The timer service routine looks very simple as well:

; -- IRQ handler
	.globl irq_timer_handler
	; Stores the current context (sp) into the variable pointed to
	; by g_context.

	im timer_service

	; This leaves a possibly new return jump address on
	; TOS, if g_context was modified by the timer_service.
	.byte 15

So inside the timer_service() function which can be coded in C, we need to only modify the g_context pointer with each tasks stack pointer storage address:

 g_context = &walk->sp; // Context switch

Using a very simple prioritized round robin scheduler and two example tasks toggling GPIO pins, we achieve a simulation result as shown below:

Multitasking trace

The TaskDesc debug output denotes the currently active task ID, 0x2a90 being the main task, where 0x2aa8 toggles GPIO1, 0x2ac0 toggles GPIO0.

Internally, these task descriptors are put into a worker queue and are cycled through using some bit of priority distribution, i.e. tasks with a lower ‘interval’ value get more CPU time, however, a task can never block completely.

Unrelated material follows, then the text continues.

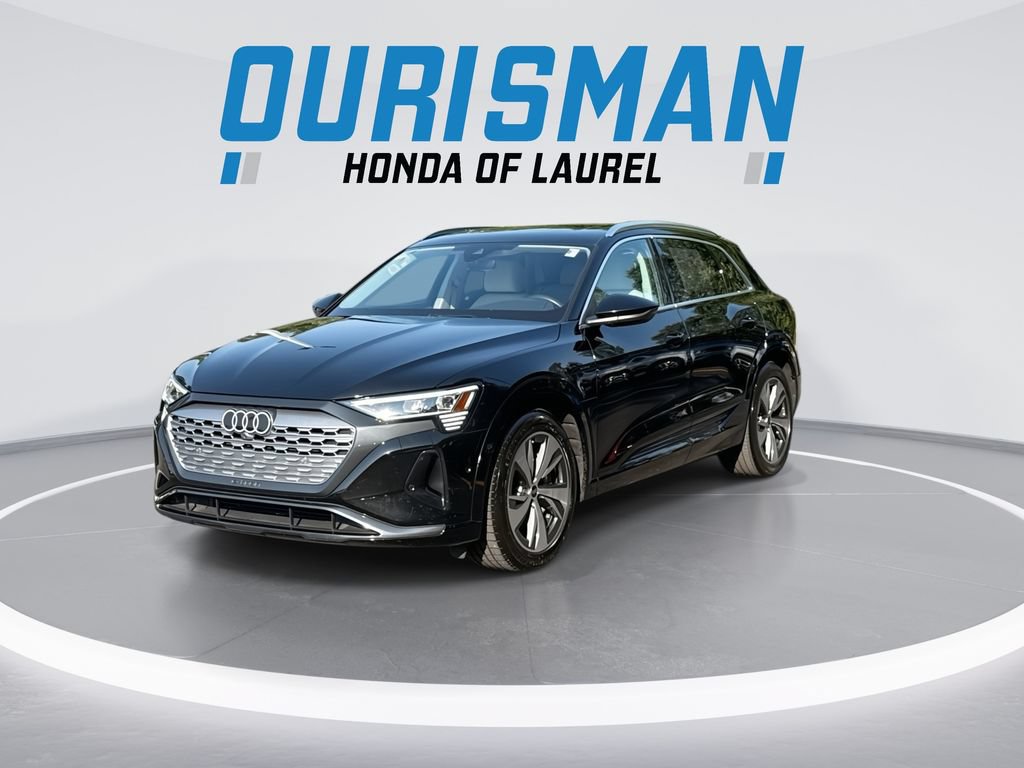 Used 2024 Audi Q8 e-tron Premium Plus AWD/4WD image 4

You might notice something odd in the above wave trace around t = 1.5ms (and 1.7ms, likewise): GPIO0 is changed even though the corresponding task 0x2ac0 is not active. Why is that? Let’s have a look at the task code:

int task1(void *p)
    while (1) {
        MMR(Reg_GPIO_OUT) ^= 0x02;
    return 0;

int task2(void *p)
    while (1) {
        MMR(Reg_GPIO_OUT) ^= 0x01;
    return 0;

The solution:

The XOR statement to the GPIO register is not atomic. Meaning, it splits up into the following primitive instructions:

  1. Get value from OUT register
  2. XOR with a value
  3. Write back value to OUT register

Let a timer IRQ request come in between 1 or 2 and assume it is switching the context to the other GPIO manipulating task – here we go. task2() is actually getting in between!

If we were to use global variables and tasks depending on single bits, we should keep this big virtual banner around in our coder’s brains:

Make sure your semaphores are atomic!

Non-preemptive (user space) multi tasking

Another aspect of concurring tasks: There might be a process waiting for input data, i.e. sleeping until data is ready and the IRQ handler wakes the corresponding process up. In the meantime, other processes might want to consume the CPU time. The rather dumb round robin scheme doesn’t take this into account, it just cycles through processes and makes sure each gets its slice once in a while.

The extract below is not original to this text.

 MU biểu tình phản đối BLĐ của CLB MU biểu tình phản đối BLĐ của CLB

Non-preemptive multi tasking implies, that some control is actually given to the currently running task. Loosely speaking: a task switch is induced from user space (not inside an IRQ handler). Let’s summarize what functionality we’d want to have for a user space triggered context switch:

  1. Process might want to sleep for a certain time:
    -> We put the context descriptor into a sleep queue that is worked on inside the timer service handler. Once the timeout is reached, the process is put back first into the worker queue, hence is resumed next.
  2. Process waits for data to arrive / DMA to complete:
    -> The context descriptor is put into a wait queue and resumes upon a specific data IRQ event.

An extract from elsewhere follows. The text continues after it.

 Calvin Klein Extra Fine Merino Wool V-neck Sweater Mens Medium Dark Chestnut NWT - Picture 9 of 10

A similar scheme is run in the Linux kernel. We try to keep this layer way thinner for our simple ZPUng SoC though.

Now, with a lack of atomicity as shown above, things can get in each other’s way. Classical CPU architecture tend to block IRQs to implement atomic behaviour, we can overcome this overhead using the ZPUng with a trick by jumping into microcode emulation code space (using a reserved instruction), where interrupts are by default masked, but still latched (like inside an IM instruction sequence). This introduces some minor latency for interrupt response, however this is most of the time not of any concern.

Inside the context switch system call, the stack context is manipulated as inside the timer service handler. Using simple queue techniques we can make sure that no unwanted modification is getting in between non-atomic operations.

The simulation benefit

When developing tailored multi tasking configurations without a generic OS overhead, bugs are easily introduced. The classical problem of a race condition with uninitialized variables (that never turn up in a source code review or MISRA compliance check) can cause a lot of headache on uC-Systems with no fully non-intrusive trace unit. In this case, a full 1:1 simulation comes in extremely handy.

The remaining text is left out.